Admin’s Note: Carreen Winters recently discussed this issue in The Wall Street Journal’s Crisis of the Week blog which is available here.
Apple’s high-stakes showdown with the Justice Department in the iPhone hack case is far more than a PR battle. It’s a deep-rooted ideological issue pitting privacy against national security, where PR plays a supporting role.
It’s not surprising the issue is deadlocked. Polls show the country divided over the National Security Agency’s PRISM (clandestine mass electronic surveillance data mining) anti-terrorism program. The PRISM controversy suggests Apple must take a strong stand on privacy, while the FBI needs to develop a less controversial reason to hack a phone.
Today’s debate presents opportunities and risks for both sides. The FBI is using a straightforward argument, avoiding technical jargon that would make its case more complicated than it has to be.

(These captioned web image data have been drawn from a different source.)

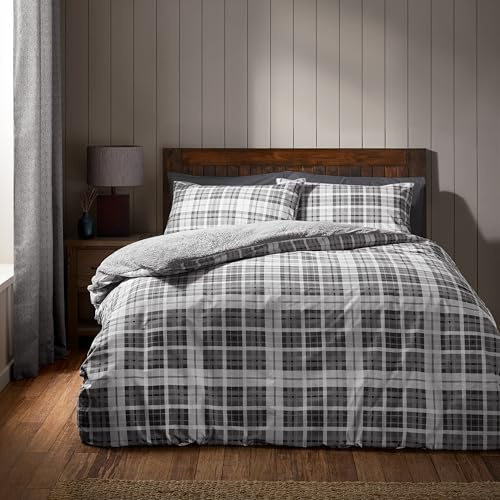 Catherine Lansfield Cosy Sherpa Check King Duvet Cover Set with Pillowcases Grey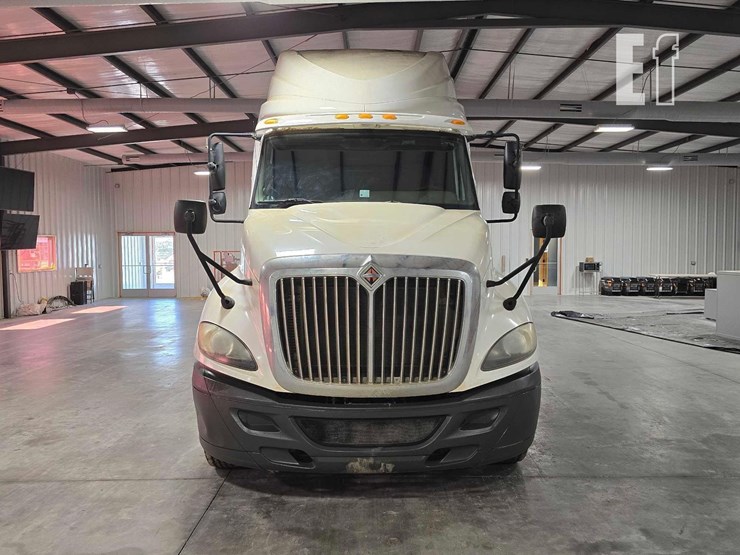 2012-international-prostar-image-7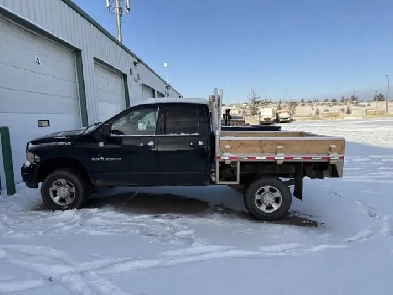 LOW KM Flat Deck 2003 Dodge 2500 Image# 1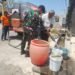 Babinsa Bersama BPBD Salurkan Air Bersih untuk Warga Terdampak Kekeringan di Dusun Wahas Balongpanggang 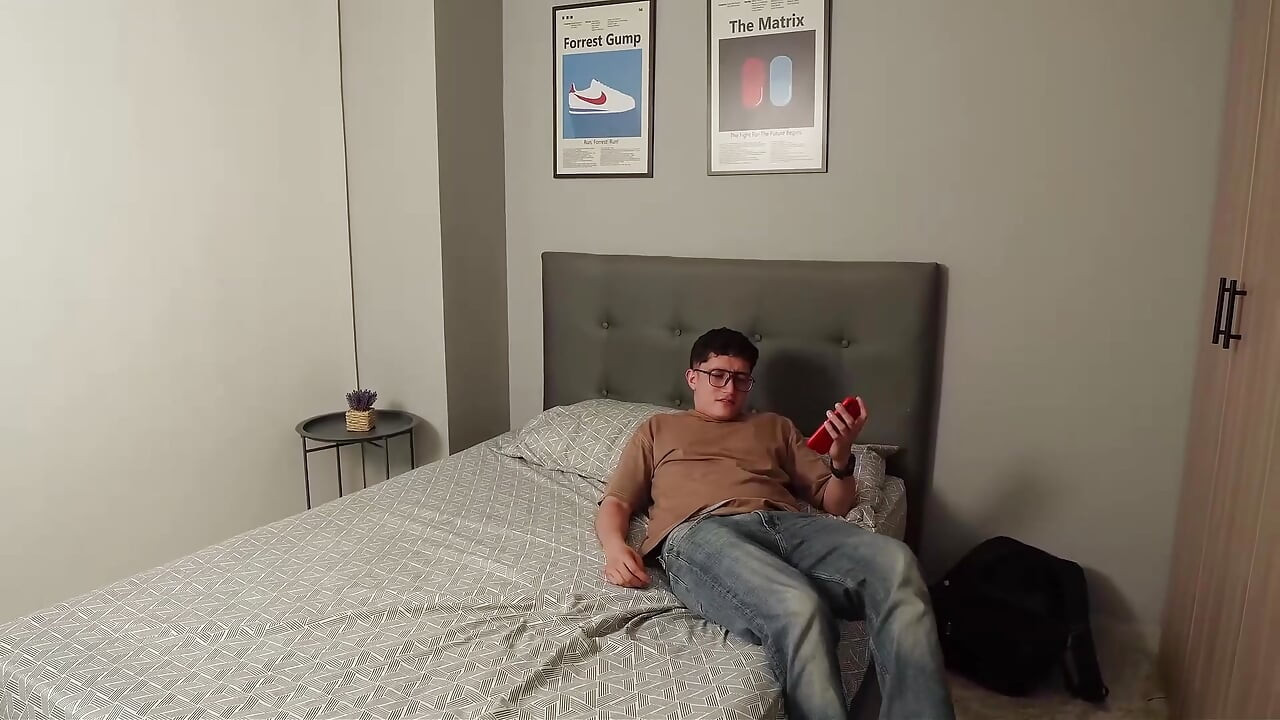 Sunt repartizat în aceeași cameră cu un străin sexy și nu ne putem abține să nu facem mult sex - Pipe Boy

It has skillfully framed the issue in terms of keeping America safe by gathering information that could head off the next terrorism attack. It’s a good strategy.
Apple is up against a far greater challenge, which is balancing the interests of privacy and national security. The company must rally its supporters without appearing to stonewall the FBI or being tone-deaf to both the victims and families of the San Bernardino attack and those who believe Apple is somewhat unpatriotic or naïve to withhold information that could prevent terrorism.
As a ubiquitous brand with 800 million IOS devices sold to date, Apple has much at stake. The company is relevant in the daily lives of Americans in a way that the FBI isn’t. The FBI has a job to do and cares little about its public image. For it, life goes on whichever way the case turns out. Apple though relies on consumer approval and trust to sell its products. It must defend its reputation via transparency and a broad public education campaign about its battle with the government and its impact on privacy.
The Apple/Justice Dept. debate has been a healthy and productive affair with both sides effectively rallying their respective base. The greater communication challenge will come after a decision is rendered, when one side of passionate believers will feel abandoned. When the case is ultimately decided, who will successfully assure Americans that neither their privacy nor security was compromised?